Crowley et Aziraphale échangèrent un regard et d’un accord commun muet, décidèrent d’ examiner la scène de crime afin de récolter quelques indices. Ils s’éloignèrent afin d’échapper aux accusations à l’emporte-pièce de la propriétaire de Gidéon. Crowley caressa la plume crème tandis qu’Aziraphale rangea celle du mystérieux volatile dans la poche de son manteau.
– Vous croyez que c’est la voisine qui a fait le coup ? demanda le capitaine en faisant tournoyer la plume d’un air absent. Qu’est-ce que vous foutez, l’Angelot ?!
Le policier à bouclettes avait sorti une loupe datant du siècle dernier, achetée chez un antiquaire de Heavell, et penché en avant, auscultait les empreintes appartenant à deux palmipèdes différents. Crowley rangea la plume dans la poche intérieure de sa veste et le suivit jusqu’à la mare dissimulée par un rideau de roseaux.
– Ahahaha ! s’écria Aziraphale en se redressant, j’ai trouvé !
Il désigna les traces de palmes s’arrêtant au niveau de la mare. Le ducknappeur était passé par là !
– Il n’y a pas eu de ducknapping, lieutenant Ainsifontfontleshirondelles ! Ce putain de canard s’est juste fait la belle ! Pas étonnant avec une dingo pareille !
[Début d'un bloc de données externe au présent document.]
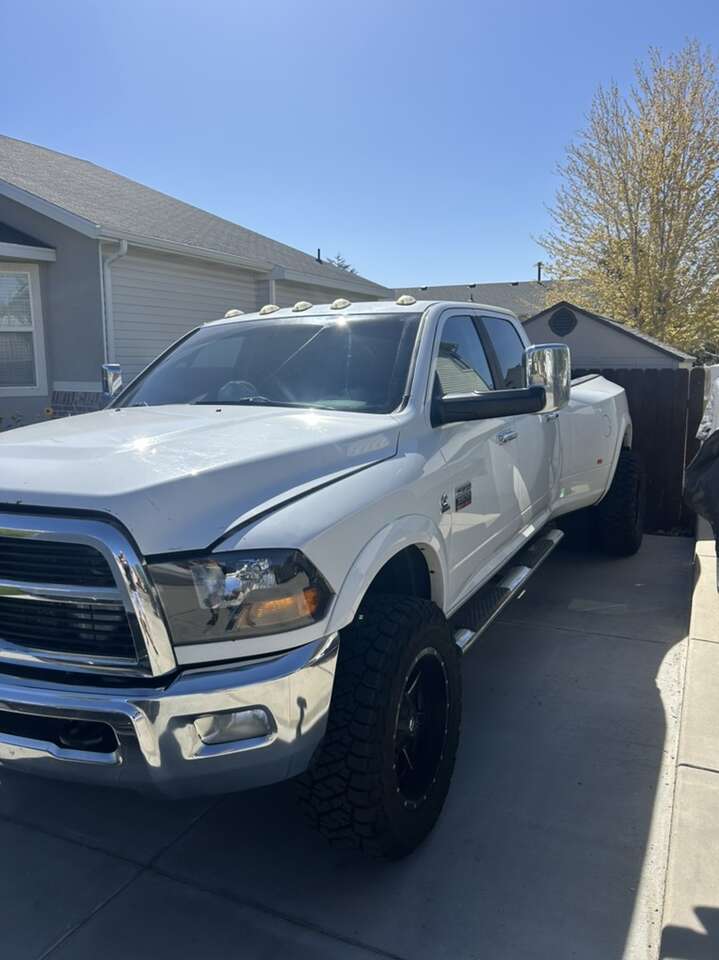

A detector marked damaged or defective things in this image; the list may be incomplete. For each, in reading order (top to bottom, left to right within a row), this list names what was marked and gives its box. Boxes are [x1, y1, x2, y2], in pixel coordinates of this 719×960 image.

damaged headlight [151, 548, 334, 644]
– Uriel aime ses canards !
– Des canards artistes, l’Angelot ! Un canard, c’est pas fait pour peindre, jouer de la trompette ou obtenir un Nobel ! Un canard, c’est fait pour… faire des trucs de canards ?
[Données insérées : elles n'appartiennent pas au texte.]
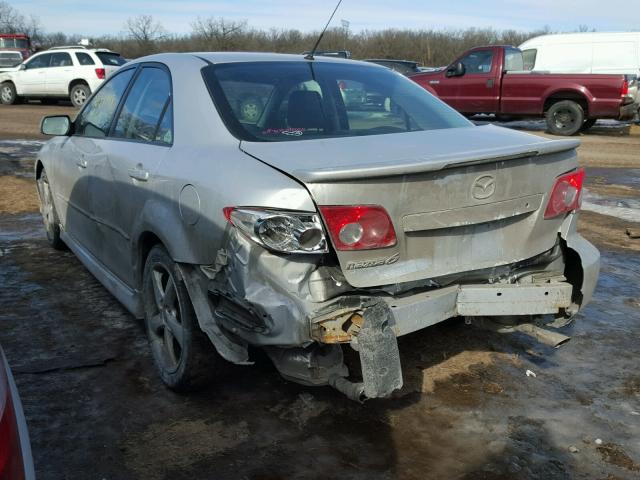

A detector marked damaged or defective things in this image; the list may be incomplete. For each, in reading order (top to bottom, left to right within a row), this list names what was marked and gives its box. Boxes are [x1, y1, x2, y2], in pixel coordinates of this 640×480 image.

damaged silver mazda 6 [35, 52, 600, 402]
– Qui sont ? l’interrogea le détective avec malice, sa loupe collée contre son visage, ce qui eut pour effet de grossir son œil.
À cet instant, la voix de Dowling surgit dans l’esprit de Crowley, le suppliant de faire appel aux derniers grains de jugeote qu’il possédait encore. La voix de la conscience fut vite remplacée par celle de la déraison et il ne put s’empêcher de se perdre, à nouveau, dans ce regard changeant et s’accordant aux humeurs de leur propriétaire.
– Je… je suppose … marmonna-t-il en tournant la tête, manger, dormir, nager, cancaner et …
D’étranges cancanements provenant de derrière les roseaux le tirèrent de son embarras. Aziraphale ramassa sa loupe, et à la grande stupeur de son équipier, s’assit afin de retirer ses chaussures dévoilant d’épaisses chaussettes tartan retenues par des fixe-chaussettes qu’il ôta avec lenteur. Il fit bouger ses orteils comme pour s’assurer de leur bon fonctionnement et peu au fait de l’émoi que provoquait cet effeuillage podal chez son équipier, se redressa avant de relever le bas de son pantalon jusqu’à ses genoux. Derrière ses lunettes de soleil, Crowley ne perdait pas une miette de ce spectacle. Ses yeux se posèrent sur les genoux ronds, glissèrent sur les cuisses potelées avant de s’attarder sur les orteils parsemés de quelques poils blonds.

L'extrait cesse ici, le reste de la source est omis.